━━━ AVAILABLE DATA

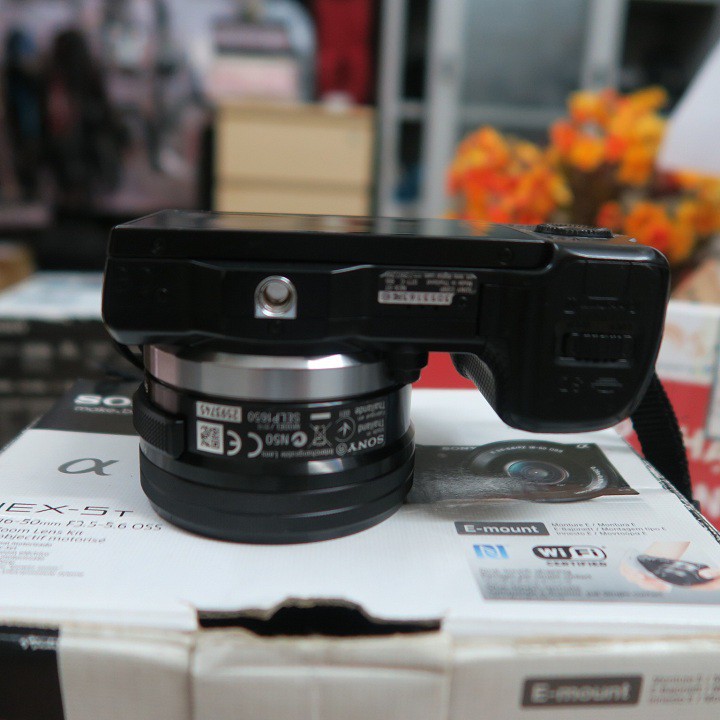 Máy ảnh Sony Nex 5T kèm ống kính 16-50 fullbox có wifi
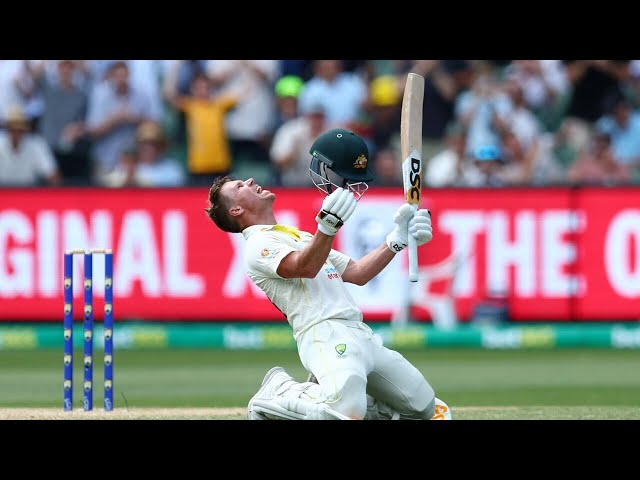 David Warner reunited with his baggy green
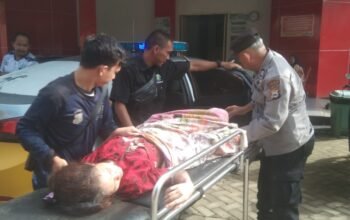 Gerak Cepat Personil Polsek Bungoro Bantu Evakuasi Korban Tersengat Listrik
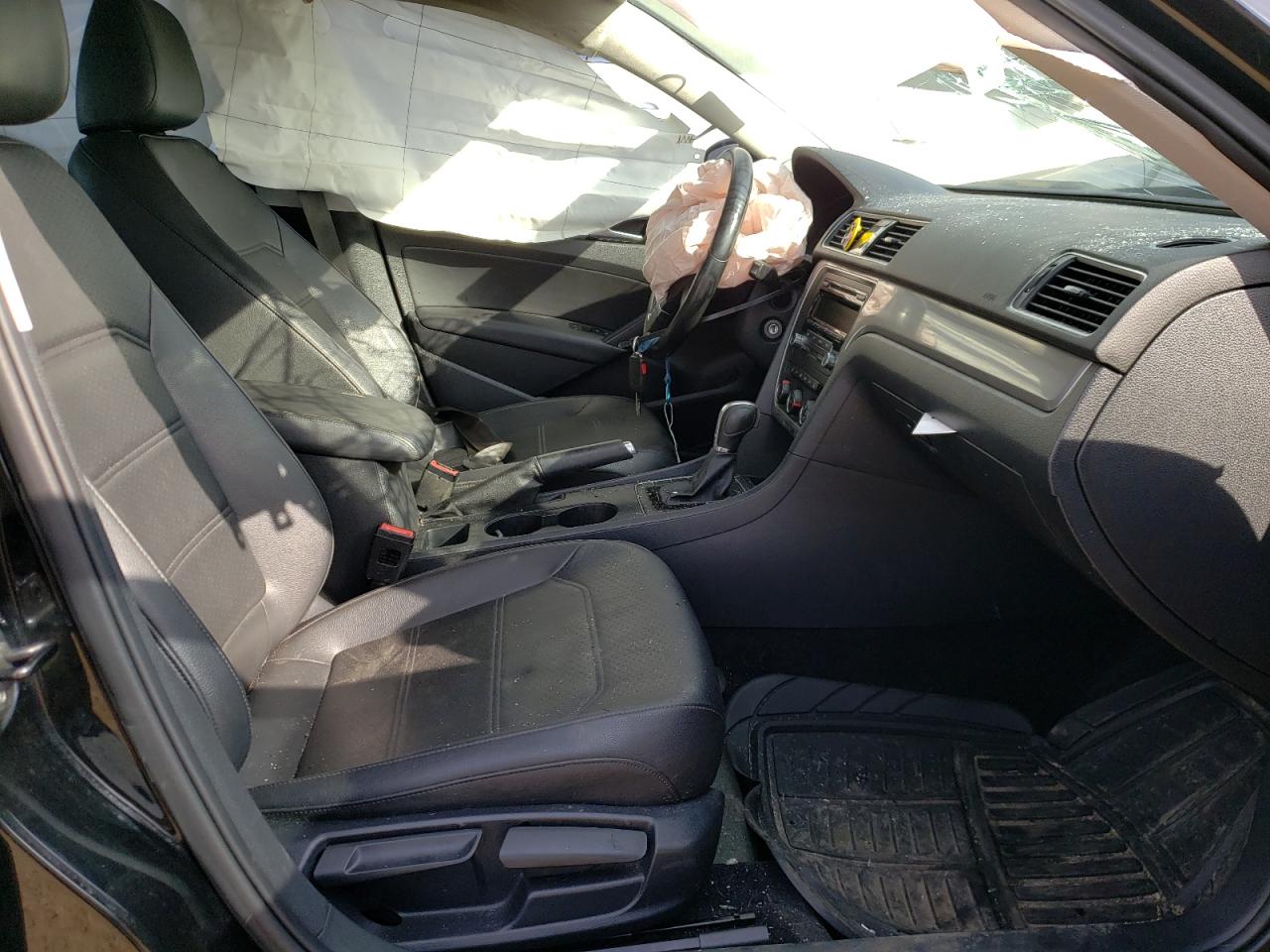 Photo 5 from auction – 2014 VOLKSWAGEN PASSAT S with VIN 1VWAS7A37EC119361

━━━━━━

> **WORK ITEM**:
Output the listing exactly, without images.

> **ANSWER FOR THE TASK**:
 Máy ảnh Sony Nex 5T kèm ống kính 16-50 fullbox có wifi
 David Warner reunited with his baggy green
 Gerak Cepat Personil Polsek Bungoro Bantu Evakuasi Korban Tersengat Listrik
 Photo 5 from auction – 2014 VOLKSWAGEN PASSAT S with VIN 1VWAS7A37EC119361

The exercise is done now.